Nusanews.co – Dalam rumah tangga, harta diberikan suami kepada istri agar dibelanjakan untuk keperluan sehari-hari, termasuk mencukupi kebutuhan anak-anak. Lain hal, jika seorang suami tak mampu menjalankan fungsinya sebagai pencari nafkah.
Di kalangan mazhab Syafi’i, hukum mengambil harta suami untuk menopang kehidupan keluarga inti, diperbolehkan. Dengan catatan, suami urung segera memenuhi kewajibannya tersebut, apalagi jika didapati suami bersifat bakhil/pelit
Nafkah adalah memang hak istri , apabila suami tidak memberikan maka istri boleh mengambil haknya, jika :
1. Nafkah untuk kebutuhan pokok memang kurang.

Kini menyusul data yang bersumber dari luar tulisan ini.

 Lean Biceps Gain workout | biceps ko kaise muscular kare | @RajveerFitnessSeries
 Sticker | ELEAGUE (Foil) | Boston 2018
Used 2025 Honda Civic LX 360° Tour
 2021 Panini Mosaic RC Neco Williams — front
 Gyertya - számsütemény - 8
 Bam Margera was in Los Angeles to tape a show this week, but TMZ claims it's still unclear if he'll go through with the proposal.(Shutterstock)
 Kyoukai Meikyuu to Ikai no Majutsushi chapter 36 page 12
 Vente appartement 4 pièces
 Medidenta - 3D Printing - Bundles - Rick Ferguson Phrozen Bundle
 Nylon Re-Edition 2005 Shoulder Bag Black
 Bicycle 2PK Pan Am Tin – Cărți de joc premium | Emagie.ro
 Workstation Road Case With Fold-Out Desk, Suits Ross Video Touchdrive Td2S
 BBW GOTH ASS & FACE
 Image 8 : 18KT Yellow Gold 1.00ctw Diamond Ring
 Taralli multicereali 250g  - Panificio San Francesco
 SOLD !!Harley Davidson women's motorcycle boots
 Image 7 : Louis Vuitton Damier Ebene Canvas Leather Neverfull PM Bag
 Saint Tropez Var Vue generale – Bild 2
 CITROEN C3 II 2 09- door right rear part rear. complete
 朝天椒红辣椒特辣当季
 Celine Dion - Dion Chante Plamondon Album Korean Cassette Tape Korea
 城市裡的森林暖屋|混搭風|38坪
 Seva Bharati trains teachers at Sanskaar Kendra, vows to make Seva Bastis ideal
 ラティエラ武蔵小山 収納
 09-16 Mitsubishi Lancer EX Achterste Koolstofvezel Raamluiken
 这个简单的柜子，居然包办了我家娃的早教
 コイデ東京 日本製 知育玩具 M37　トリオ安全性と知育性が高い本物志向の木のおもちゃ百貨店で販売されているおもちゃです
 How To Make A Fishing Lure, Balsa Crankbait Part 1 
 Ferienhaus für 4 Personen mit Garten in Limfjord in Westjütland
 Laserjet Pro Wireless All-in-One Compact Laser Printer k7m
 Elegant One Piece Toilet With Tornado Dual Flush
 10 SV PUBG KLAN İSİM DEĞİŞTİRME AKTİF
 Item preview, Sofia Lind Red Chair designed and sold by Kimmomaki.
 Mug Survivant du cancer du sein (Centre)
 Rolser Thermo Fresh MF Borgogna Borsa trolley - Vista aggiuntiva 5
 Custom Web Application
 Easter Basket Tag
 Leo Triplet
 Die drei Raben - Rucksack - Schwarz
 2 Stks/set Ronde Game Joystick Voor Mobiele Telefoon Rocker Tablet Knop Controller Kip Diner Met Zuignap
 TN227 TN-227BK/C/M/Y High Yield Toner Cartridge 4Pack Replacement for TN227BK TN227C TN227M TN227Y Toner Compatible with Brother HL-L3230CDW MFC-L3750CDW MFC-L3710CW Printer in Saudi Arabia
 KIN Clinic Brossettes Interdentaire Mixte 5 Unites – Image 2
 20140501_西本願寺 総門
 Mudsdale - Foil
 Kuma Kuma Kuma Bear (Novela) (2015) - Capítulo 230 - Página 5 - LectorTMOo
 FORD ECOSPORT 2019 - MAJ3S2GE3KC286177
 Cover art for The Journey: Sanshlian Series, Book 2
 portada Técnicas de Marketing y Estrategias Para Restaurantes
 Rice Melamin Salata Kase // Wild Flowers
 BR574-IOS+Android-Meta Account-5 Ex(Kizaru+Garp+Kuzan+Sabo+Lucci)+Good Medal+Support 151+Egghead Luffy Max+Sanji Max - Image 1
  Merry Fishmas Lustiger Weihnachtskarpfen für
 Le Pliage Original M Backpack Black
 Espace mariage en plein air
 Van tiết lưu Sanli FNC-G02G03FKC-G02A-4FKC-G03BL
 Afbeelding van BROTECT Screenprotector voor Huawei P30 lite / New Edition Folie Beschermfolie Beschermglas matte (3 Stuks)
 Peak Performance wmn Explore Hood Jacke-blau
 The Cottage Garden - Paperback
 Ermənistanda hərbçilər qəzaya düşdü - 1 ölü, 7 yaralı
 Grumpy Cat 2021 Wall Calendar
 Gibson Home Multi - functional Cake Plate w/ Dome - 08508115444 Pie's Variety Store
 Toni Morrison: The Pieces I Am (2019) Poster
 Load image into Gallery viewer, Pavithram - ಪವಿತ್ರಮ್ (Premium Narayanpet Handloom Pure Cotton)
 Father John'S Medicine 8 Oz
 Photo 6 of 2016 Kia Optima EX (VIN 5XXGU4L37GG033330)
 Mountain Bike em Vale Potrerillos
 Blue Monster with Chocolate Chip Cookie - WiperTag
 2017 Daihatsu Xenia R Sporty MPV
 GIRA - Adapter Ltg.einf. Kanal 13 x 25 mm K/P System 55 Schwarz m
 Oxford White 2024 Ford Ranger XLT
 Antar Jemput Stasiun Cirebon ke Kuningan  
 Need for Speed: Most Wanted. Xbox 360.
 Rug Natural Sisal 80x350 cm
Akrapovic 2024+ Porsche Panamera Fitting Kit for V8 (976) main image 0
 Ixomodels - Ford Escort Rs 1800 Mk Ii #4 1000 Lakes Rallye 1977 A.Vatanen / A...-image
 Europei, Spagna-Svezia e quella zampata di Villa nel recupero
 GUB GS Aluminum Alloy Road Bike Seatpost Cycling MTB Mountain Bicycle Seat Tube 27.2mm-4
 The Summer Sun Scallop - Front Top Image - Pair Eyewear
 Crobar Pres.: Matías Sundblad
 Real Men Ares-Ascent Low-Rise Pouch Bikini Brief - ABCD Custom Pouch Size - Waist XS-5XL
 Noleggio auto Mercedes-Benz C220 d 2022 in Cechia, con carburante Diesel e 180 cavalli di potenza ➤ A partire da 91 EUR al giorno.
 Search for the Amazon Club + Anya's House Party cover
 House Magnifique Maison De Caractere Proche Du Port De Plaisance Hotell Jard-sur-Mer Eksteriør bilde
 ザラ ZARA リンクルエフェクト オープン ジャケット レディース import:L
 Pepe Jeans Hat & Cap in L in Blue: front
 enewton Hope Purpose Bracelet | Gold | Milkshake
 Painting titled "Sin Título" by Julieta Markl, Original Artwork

2. Suami pelit padahal ada uang, bukan karena suami tidak mampu
3. Pengambilan sesuai kebutuhan setempat, beda daerah beda jumlah.
jika pengambilan melebihi kebutuhan , berarti istri sudah mengambil uang yg bukan haknya dan hukumnya HARAM.
عن عائشة قالت: جاءت هند إلى النبي صلى الله عليه وسلم، فقالت: يارسول الله إن أبا سفيان رجل شحيح، لايعطيني ما يكفيني وولدي، إلا ما أخذت من ماله، وهو لايعلم، فقال: خذي مايكفيك وولدك بالمعروف.
Aisyah RA menceritakan bahwa Hindun pernah bertanya kepada Nabi SAW.
Hindun bertanya : ‘Wahai Rasulullah SAW, sesungguhnya Abu Sufyan suami yang pelit. Nafkah yang diberikannya kepadaku dan anakku tidak cukup sehingga aku terpaksa mengambil uang tanpa sepengetahuannya.
Rosulullah menjawab :
‘Ambil secukupnya untuk kebutuhanmu dan anakmu dengan cara yang ma’ruf
(HR Al-Bukhari nomor 5364)
Ibnu Hajar menjelaskan :
bahwa mengambil dengan cara yang ma’ruf, adalah sesuai kadar yang dibutuhkan secara ‘urf (menurut kebiasaan setempat).